INPUT RECORDS:
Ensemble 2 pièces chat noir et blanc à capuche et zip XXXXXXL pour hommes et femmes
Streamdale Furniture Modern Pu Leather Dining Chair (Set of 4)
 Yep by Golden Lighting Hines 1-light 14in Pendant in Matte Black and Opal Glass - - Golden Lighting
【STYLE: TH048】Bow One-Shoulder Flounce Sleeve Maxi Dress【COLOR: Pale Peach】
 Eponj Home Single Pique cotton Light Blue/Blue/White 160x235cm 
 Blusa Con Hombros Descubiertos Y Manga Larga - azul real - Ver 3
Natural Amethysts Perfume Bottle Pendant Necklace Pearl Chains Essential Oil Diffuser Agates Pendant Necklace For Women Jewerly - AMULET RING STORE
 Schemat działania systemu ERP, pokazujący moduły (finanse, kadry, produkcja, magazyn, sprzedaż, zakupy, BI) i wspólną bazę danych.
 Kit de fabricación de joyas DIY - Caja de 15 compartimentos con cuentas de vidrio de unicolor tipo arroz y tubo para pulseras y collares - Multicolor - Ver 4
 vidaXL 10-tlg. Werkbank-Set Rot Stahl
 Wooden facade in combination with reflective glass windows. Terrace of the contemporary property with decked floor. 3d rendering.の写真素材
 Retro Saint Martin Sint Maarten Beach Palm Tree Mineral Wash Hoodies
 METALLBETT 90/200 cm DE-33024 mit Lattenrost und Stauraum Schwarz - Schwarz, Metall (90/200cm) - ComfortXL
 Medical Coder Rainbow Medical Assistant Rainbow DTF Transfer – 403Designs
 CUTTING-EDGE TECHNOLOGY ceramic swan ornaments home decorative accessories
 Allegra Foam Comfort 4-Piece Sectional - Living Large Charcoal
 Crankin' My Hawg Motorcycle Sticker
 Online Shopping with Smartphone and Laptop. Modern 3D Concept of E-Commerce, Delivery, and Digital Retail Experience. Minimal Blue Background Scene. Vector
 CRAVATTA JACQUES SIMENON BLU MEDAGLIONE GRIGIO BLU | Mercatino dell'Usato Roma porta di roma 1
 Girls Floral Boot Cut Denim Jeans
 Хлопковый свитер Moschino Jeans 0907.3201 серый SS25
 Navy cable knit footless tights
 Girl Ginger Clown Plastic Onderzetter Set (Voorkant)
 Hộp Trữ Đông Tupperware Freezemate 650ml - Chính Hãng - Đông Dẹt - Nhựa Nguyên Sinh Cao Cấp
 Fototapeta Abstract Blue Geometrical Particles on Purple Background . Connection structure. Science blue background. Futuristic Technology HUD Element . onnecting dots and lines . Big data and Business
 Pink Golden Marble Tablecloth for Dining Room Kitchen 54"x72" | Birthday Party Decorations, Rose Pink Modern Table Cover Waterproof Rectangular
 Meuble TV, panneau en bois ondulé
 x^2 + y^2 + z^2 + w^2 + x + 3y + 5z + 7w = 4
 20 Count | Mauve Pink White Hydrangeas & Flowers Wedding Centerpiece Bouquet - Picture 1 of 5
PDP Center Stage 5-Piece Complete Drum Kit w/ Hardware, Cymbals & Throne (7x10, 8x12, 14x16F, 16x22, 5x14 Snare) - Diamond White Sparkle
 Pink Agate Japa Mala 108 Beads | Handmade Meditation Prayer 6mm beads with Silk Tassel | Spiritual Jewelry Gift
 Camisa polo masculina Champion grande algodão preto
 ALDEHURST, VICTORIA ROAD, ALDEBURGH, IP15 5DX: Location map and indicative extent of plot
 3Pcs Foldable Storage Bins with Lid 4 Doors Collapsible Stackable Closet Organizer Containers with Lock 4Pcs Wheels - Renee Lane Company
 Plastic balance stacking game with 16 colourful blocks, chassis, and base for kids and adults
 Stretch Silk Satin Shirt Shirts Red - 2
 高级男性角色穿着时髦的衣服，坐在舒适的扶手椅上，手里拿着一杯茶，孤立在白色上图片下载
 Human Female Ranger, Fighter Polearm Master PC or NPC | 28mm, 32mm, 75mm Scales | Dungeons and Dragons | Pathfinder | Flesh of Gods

EXERCISE AIM: Line count for the word "with": tally the lines in the records that include it and give only the result.

WRITTEN SOLUTION: 5